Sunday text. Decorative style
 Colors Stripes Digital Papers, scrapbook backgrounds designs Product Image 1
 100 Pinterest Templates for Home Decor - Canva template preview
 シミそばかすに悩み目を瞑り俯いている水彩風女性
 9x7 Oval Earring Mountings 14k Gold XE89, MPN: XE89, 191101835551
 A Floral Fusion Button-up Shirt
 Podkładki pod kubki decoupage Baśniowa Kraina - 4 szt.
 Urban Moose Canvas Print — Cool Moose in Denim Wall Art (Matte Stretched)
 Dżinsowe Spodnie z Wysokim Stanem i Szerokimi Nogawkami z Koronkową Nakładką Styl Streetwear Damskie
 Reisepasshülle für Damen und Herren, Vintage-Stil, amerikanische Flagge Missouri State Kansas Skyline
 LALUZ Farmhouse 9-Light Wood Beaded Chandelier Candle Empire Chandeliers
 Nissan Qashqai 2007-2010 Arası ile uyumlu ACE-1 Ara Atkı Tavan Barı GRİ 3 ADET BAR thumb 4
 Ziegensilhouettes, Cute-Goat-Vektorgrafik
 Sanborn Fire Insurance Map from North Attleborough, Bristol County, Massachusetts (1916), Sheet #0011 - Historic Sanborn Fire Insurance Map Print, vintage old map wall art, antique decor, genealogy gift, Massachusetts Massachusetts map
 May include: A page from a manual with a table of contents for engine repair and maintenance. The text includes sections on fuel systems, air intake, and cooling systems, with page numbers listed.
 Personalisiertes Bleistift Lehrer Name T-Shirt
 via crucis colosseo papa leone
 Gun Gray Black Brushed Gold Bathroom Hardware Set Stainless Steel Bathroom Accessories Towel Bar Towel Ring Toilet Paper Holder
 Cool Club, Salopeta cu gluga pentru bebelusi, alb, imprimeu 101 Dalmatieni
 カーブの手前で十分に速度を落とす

● ● ● ● ●

#### [TASK PROMPT]
Reproduce verbatim only this range: the first line of the material through the line that contains "May include: A", inclusive.

#### [EXERCISE SOLUTION]
Sunday text. Decorative style
 Colors Stripes Digital Papers, scrapbook backgrounds designs Product Image 1
 100 Pinterest Templates for Home Decor - Canva template preview
 シミそばかすに悩み目を瞑り俯いている水彩風女性
 9x7 Oval Earring Mountings 14k Gold XE89, MPN: XE89, 191101835551
 A Floral Fusion Button-up Shirt
 Podkładki pod kubki decoupage Baśniowa Kraina - 4 szt.
 Urban Moose Canvas Print — Cool Moose in Denim Wall Art (Matte Stretched)
 Dżinsowe Spodnie z Wysokim Stanem i Szerokimi Nogawkami z Koronkową Nakładką Styl Streetwear Damskie
 Reisepasshülle für Damen und Herren, Vintage-Stil, amerikanische Flagge Missouri State Kansas Skyline
 LALUZ Farmhouse 9-Light Wood Beaded Chandelier Candle Empire Chandeliers
 Nissan Qashqai 2007-2010 Arası ile uyumlu ACE-1 Ara Atkı Tavan Barı GRİ 3 ADET BAR thumb 4
 Ziegensilhouettes, Cute-Goat-Vektorgrafik
 Sanborn Fire Insurance Map from North Attleborough, Bristol County, Massachusetts (1916), Sheet #0011 - Historic Sanborn Fire Insurance Map Print, vintage old map wall art, antique decor, genealogy gift, Massachusetts Massachusetts map
 May include: A page from a manual with a table of contents for engine repair and maintenance. The text includes sections on fuel systems, air intake, and cooling systems, with page numbers listed.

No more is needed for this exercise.